Hasta 2010, los resultados en materia de crecimiento económico y del empleo de la gestión kirchnerista eran muy satisfactorios. La economía argentina había crecido tanto o más que las del resto de los países de la región y habíamos alcanzado un virtual pleno empleo. Sin embargo, desde el año pasado, ha sufrido una sensible desaceleración. El gobierno procura responsabilizar al contexto externo por el enfriamiento, pero lo cierto es que -al menos hasta el inicio de este año- el escenario internacional seguía siendo muy favorable. La prueba más cabal de que el enfriamiento obedece a razones domésticas es que la economía argentina se estancó, mientras el resto de la región mantuvo un buen ritmo de crecimiento. 
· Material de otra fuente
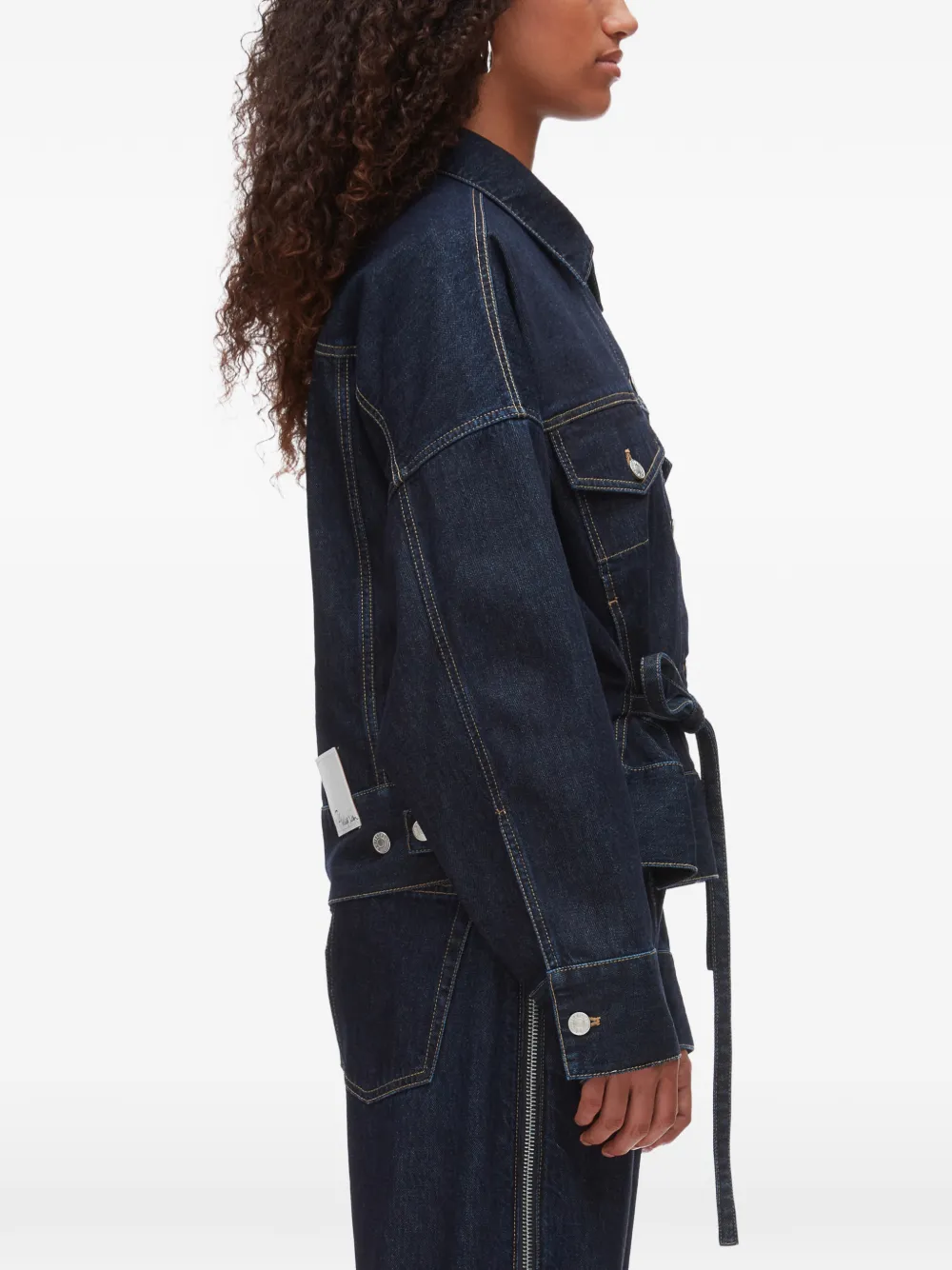3.1 Phillip Lim Katoenen jack met gestrikte taille Blauw
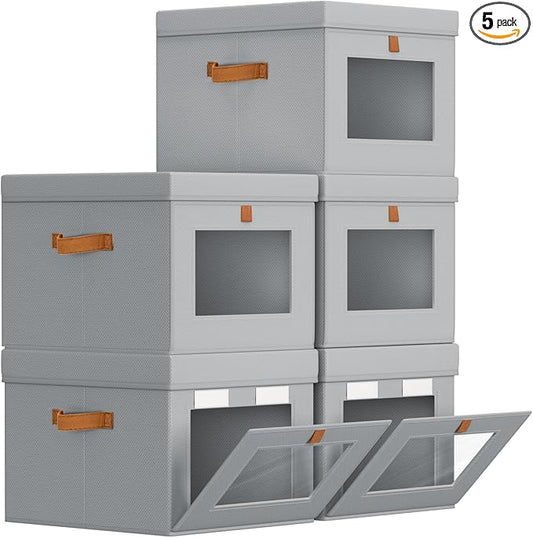 Storage Bins with Lid – Closet Organizer with Side Opening and Clear Window, Foldable Stackable Fabric Basket for Clothes, Home, Office - 13.77" x 11.8" x 9.8", 5 Pack, Grey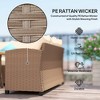6 Piece Patio Furniture Set, PE Wicker Outdoor Furniture Conversation Set with 3 Sofas, 2 Ottomans and Slatted WPC Top Dining Table - 4 of 4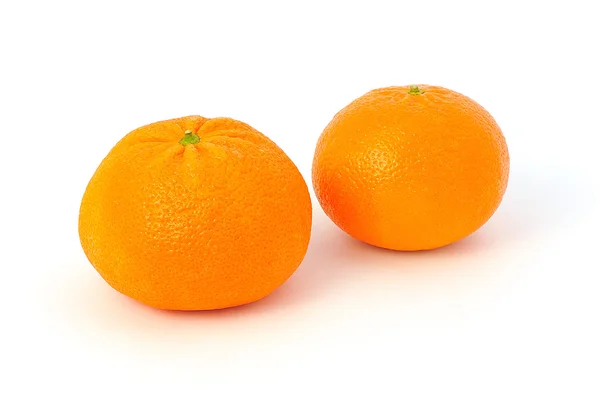 Two tangerines on white — Stock Photo, Image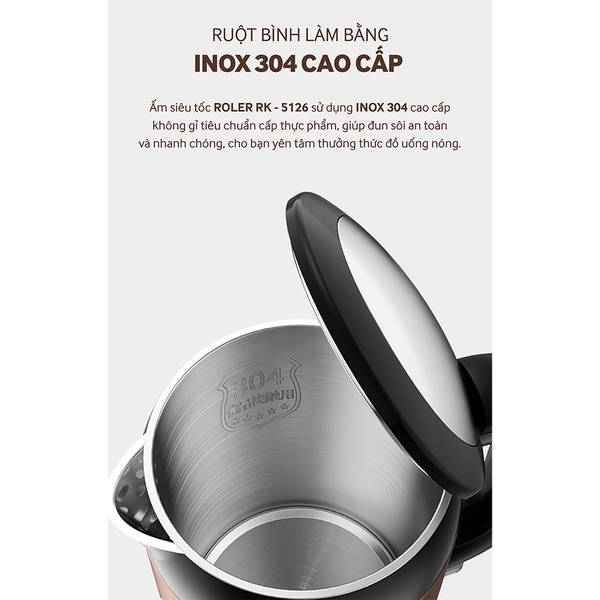 Ấm siêu tốc 1.7 Lít ROLER RK-5126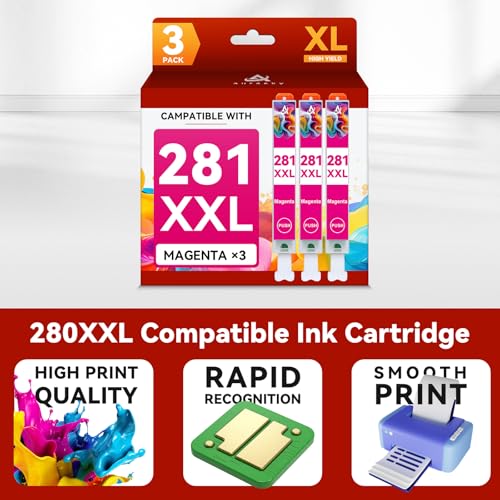 Image of CLI-281 Ink Cartridge Replacement for Canon CLI-281XXL 281XXL 281 Use for Canon PIXMA TS6320 TR7520 TS8120 TS8320 TR8520 TS9120 (3-Pack CLI-281XXL Magenta)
La razón excluyente del deterioro del desempeño económico a partir de 2012 ha sido la acumulación de vicios y distorsiones en el contexto macroeconómico. En los primeros años de la era kirchnerista la macro local presentaba una inédita conjunción de activos -estabilidad de precios; tipo de cambio flotante y competitivo y holguras fiscal y externa- que daban forma a un escenario de consistencia macroeconómica; constituía una formidable ancla clave de estabilidad y certidumbre. Sin embargo, a fuerza de mala praxis, la economía iría perdiendo progresivamente todos estos valiosos activos macro. 
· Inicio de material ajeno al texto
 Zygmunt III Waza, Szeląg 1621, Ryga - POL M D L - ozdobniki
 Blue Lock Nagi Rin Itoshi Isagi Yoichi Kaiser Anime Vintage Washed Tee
El primero de los activos macro sacrificados fue la estabilidad de precios. A partir de 2005, la inflación no bajó de los dos dígitos; en cinco de los últimos seis años el aumento anual del IPC fue superior al 20%. El retorno a un régimen de alta inflación tuvo derivaciones indeseables. La primera, la intervención oficiosa al Indec (comenzó en enero de 2007), que casi inutilizó el sistema estadístico nacional. La segunda, la fuerte inflación en dólares fue erosionando la competitividad del tipo de cambio, al punto que hoy padecemos un retraso cambiario flagrante.
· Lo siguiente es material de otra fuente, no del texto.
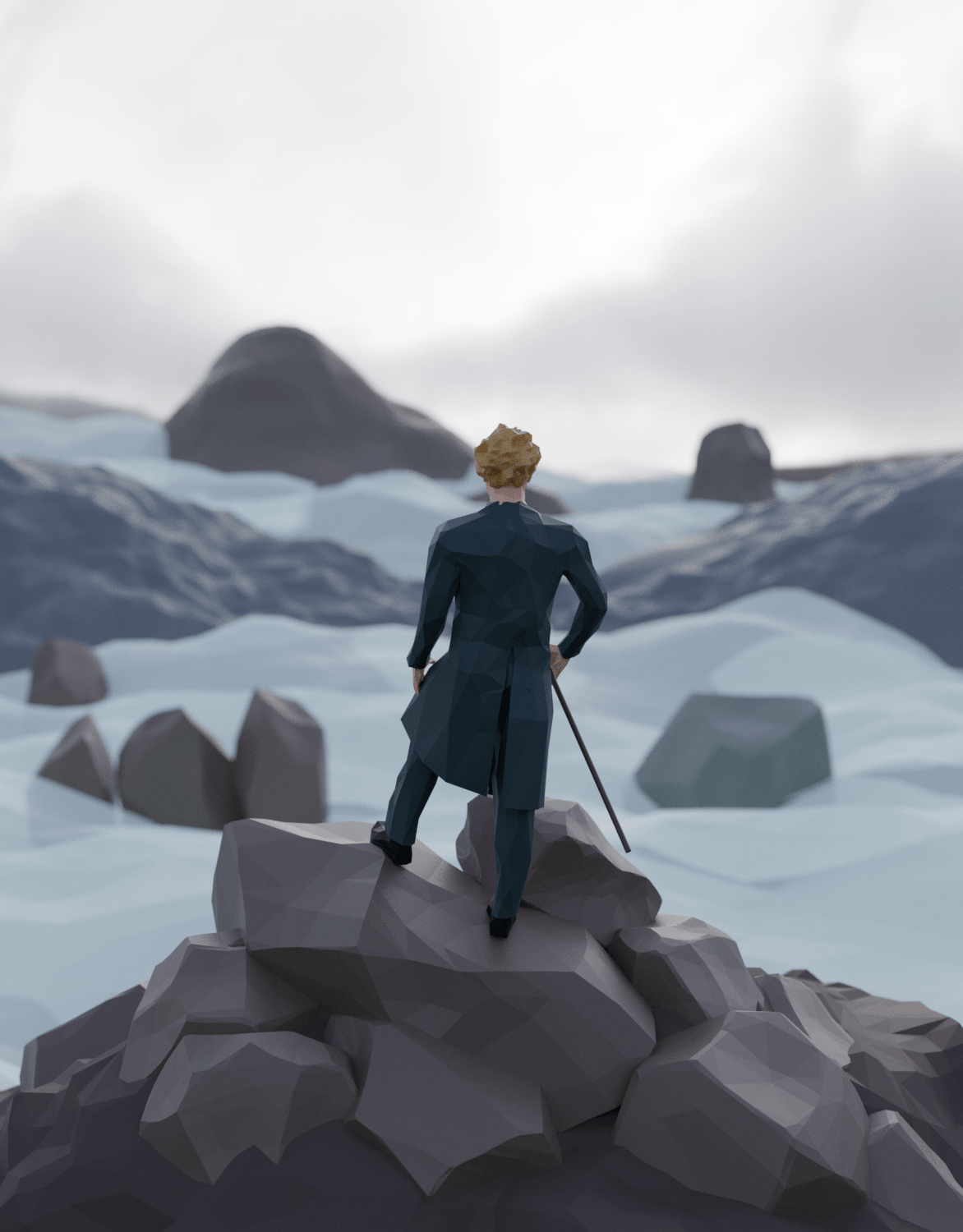 1172x1500 Wanderer Above The Sea Of Fog. Low Poly Style : R Low_poly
Con el tiempo, también fuimos perdiendo las holguras fiscal y externa. En 2011, el balance cambiario cayó en terreno deficitario (el BCRA comenzó a perder reservas). El gobierno procuró enfrentar la reaparición de la restricción externa con múltiples trabas a la demanda de divisas (cepo cambiario). Lejos de corregir la escasez de dólares, la agudizó: abrió nuevas vías de fuga y frenó el ingreso de dólares por un canal, el financiero. Del superávit fiscal también queda nada más que un buen recuerdo. Si bien el rojo actual no es de una magnitud desestabilizadora, la ausencia de fuentes de financiamiento genuinas fuerza al Tesoro a buscar al auxilio del BCRA; un recurso que se usó mucho en el pasado con resultados funestos.

En definitiva, a la hora del balance de la gestión económica kirchnerista, rescatamos la mejora de la capacidad estatal para cobrar impuestos; la instauración de la AUH, la masificación de las prestaciones previsionales y la Ley de Financiamiento Educativo; también defendemos (aunque con menos énfasis que hace unos años) la agresiva reestructuración de la deuda de 2005. Desde nuestra apreciación personal, estos méritos no alcanzan a equilibrar una evaluación que se torna negativa. Probablemente, la muestra más cabal y representativa de los vicios que aquejan a la economía kirchnerista sea que resulte prácticamente imposible pronosticar la evolución de las principales variables económicas nacionales a partir del año que viene (¿Quién se anima a decir cuánto valdrá el dólar a fin de 2014?). No deja de ser una triste paradoja que, al cabo de la "década ganada", la incertidumbre envuelva al futuro en tinieblas y el horizonte de decisiones económicas no pueda extenderse más allá de unos pocos meses.